The microspore cut off the lateral prothallial cell towards one side of the spore. The larger cell then cuts off a small generative cell adjacent to the prothallial cell. It itself be
Female Gametophyte
The megaspore (embryo sac) enlarges in size. Its nucleus undergoes many nuclear divisions. Thus several nuclei are formed in the megaspore. These nuclei occupy the peripheral region of the cytoplasm in the megaspore. Then the nuclei are surrounded by a cell wall. Thus the megaspore becomes multicellular. It gives rise to the female gametophyte. The cells of the gametophyte develop numerous starch grains. The original megaspore wall persists around the prothallial tissue.
Male Gametophyte
The pollen grain resumes its development after pollination. Generative cell divides into a stalk cell and a body cell. Both these cells represent an antheridium. A pollen tube grows out of the pollen grain. It penetrates the nucellus. The pollen grain becomes dormant at this stage. This period lasts for about four months. After that the pollen grain resumes its activity. Two blepharoplasts appear on the two sides of the nucleus. These blepharoplasts develop cilia. The body cell then divides into two antherozoids. The antherozoid develops thousands of cilia. The nucleus of each antherozoid enlarges and completely fills the whole of the antherozoid. Antherozoids remain motile for several hours.

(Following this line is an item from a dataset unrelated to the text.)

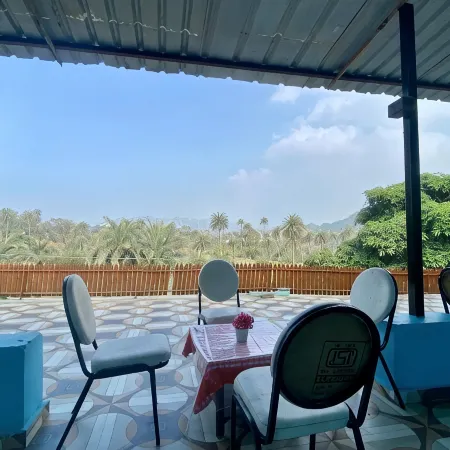 Rudraksha Inn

Development of Embryo and Seed
Oospore divides into 200-300 cells. The cells of the central region disorganized to produce a cavity. This cavity is surrounded by two to three layers of cells. The cells in the lower region elongate very much to form a suspensor. The cells at the tip of the suspensor develop into the embryo. The elongating suspensor pushes the developing embryo deep into the prothallial tissue. These tissues provide nutrition to the developing embryo. Whole of the nucleus is consumed during the development of the embryo. Some prothallial tissue persists in the seed and forms an endosperm. A thick pad of tissue develops near the micropylar end. It functions as coleorhiza. Coleorhiza protects the radical of the embryo. Ovule is transformed into a seed. Embryo has two cotyledons. They occupy the whole seed. The seeds germinate immediately. Cotyledons remain within the seed of germination. It absorbs nutrients for the developing embryo.
Conclusion
The plant genus Cycas is part of the Cycadophyta, a very old lineage that is not closely linked to palms, ferns, trees, or any other contemporary group of plants. They are permanent evergreens that attained their greatest diversity during the Jurassic and Cretaceous eras, when they were found practically everywhere. The majority of cycas in the Northern Hemisphere perished together with the non-avian dinosaurs at the end of the Cretaceous period.
The only recognised extant genus in the family Cycadaceae is Cycas, which is also its type genus. There are about 113 accepted species.